Price talk 5-25-5.5%
Notes First call at par +75% coupon



Bankruptcy: Ahead of key hearing, Momentive’s proposed case schedule draws flak

The indenture trustee for Momentive Performance Materials 11.5% senior subordinated notes due 2016 has asked the bankruptcy court to schedule a “threshold hearing” for the week of July 28 on the issue of whether the notes are subordinate in payment rights to or, as the indenture trustee contends, pari passu with, the company’s second-lien debt.

In a June 16 court filing, the subordinated notes trustee, U.S. Bank, argued that the subordination issue was a threshold issue that should be decided before the bankruptcy court addresses other issues in the case. According to U.S. Bank, if the second-lien lenders prevail in the dispute, the company can continue with confirmation of its proposed reorganization plan, but if subordinated noteholders prevail, it would render the company’s proposed reorganization plan unconfirmable and require new negotiations – an issue better decided sooner rather than later.

U.S. Bank said it proposed the threshold hearing schedule in a June 12 letter to Bankruptcy Court Judge Robert Drain.

As reported, the company’s proposed reorganization plan provides for second-lien lenders to receive 100% of the reorganized company’s equity, after giving effect to the subordination provisions of the subordinated notes. Holders of subordinated notes would not see any recovery under the proposed reorganization plan.

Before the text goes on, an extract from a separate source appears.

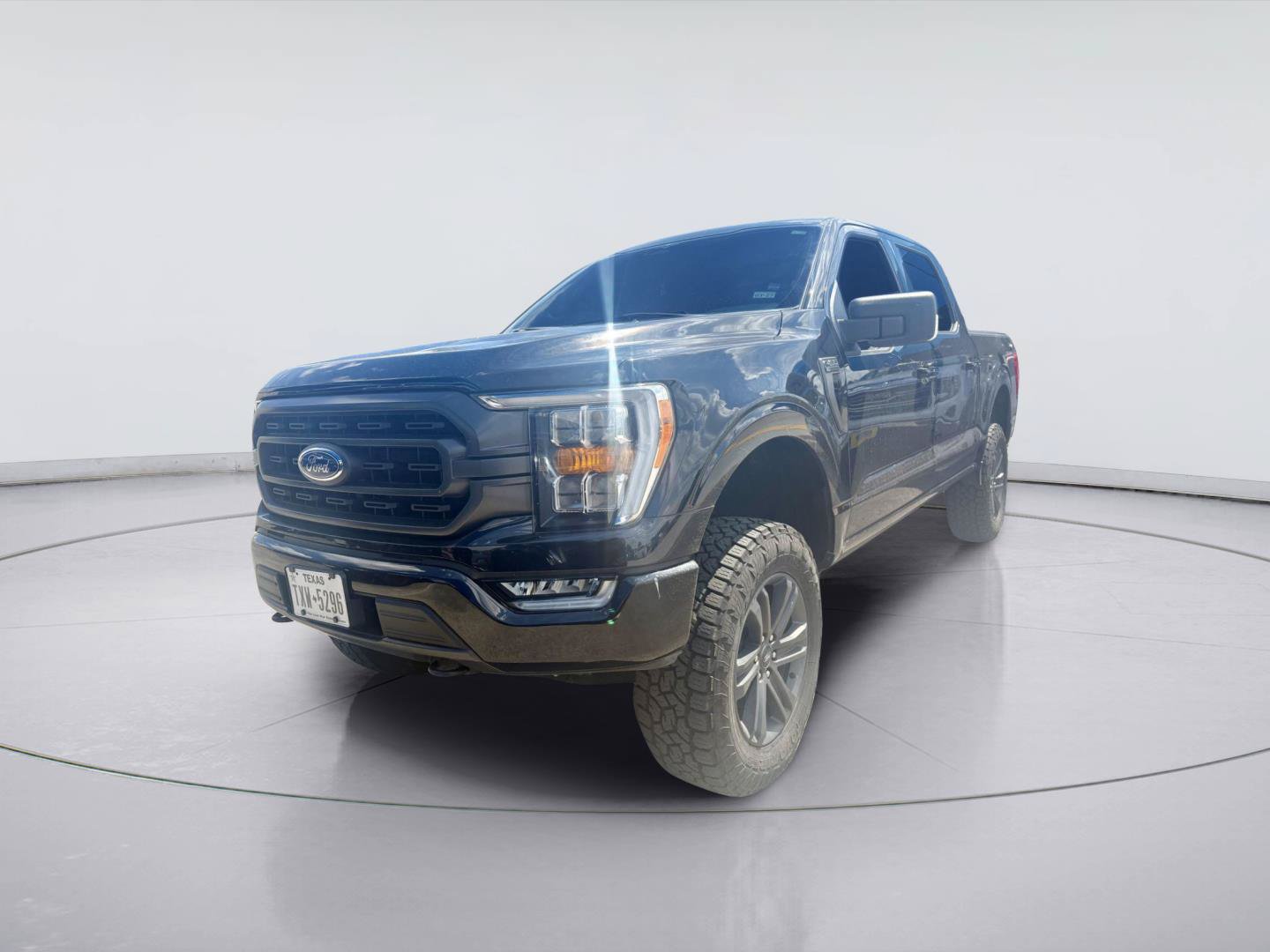 Used 2023 Ford F150 XLT w/ Equipment Group 302A High AWD/4WD image 5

On May 30, however, the indenture trustee, U.S. Bank, filed a lawsuit arguing that under the terms of the subordinated notes indenture, the second-lien debt does not constitute “senior indebtedness,” and as a result is pari passu with the subordinated notes (see “Momentive’s subordinated holders sue, claim pari passu with 2nd-lien,” LCD, June 3, 2014). According to the lawsuit, the definition of “senior indebtedness” in the subordinated notes indenture excludes any debt that “by its terms is subordinate or junior in any respect to any other indebtedness or obligation of the company.”

According to the lawsuit, the key phrase in that language is “junior in any respect,” which the suit argues means that it applies not only to debt that is considered junior in right of payment, but also to debt that is junior in other respects as well – such as a junior secured ranking of second-lien debt.

As also reported, Momentive on June 5 asked the bankruptcy court to set a schedule for the case that would see, among other things, the subordination issue litigated on an accelerated timeline along with two other adversary actions filed in the case, namely, lawsuits filed by the company’s senior creditors (comprised of $1.1 billion of 8.875% first-priority senior notes due 2020 and $250 million of 10% senior secured notes due 2020, the so-called 1.5-lien notes, respectively) seeking declaratory judgments that holders are entitled to acceleration payments as a result of early repayment of the debt.

The company’s requested timetable would see discovery completed simultaneously for all three matters by July 25, with a confirmation hearing slated to begin on Aug. 14, continuing to Aug. 14, 15, 20, 21, and 22.

Momentive filed its reorganization plan and disclosure statement on May 12, and a hearing on, among other matters, the adequacy of the disclosure statement is set for tomorrow. In that regard, it is worth noting that virtually every creditor constituency in the case, with the exception of a group of the second-lien noteholders who are serving as backstop parties to the company’s proposed $600 million rights agreement and who will, under the company’s proposed reorganization plan, wind up with the lion’s share of the reorganized equity, has objected to the proposed disclosure statement.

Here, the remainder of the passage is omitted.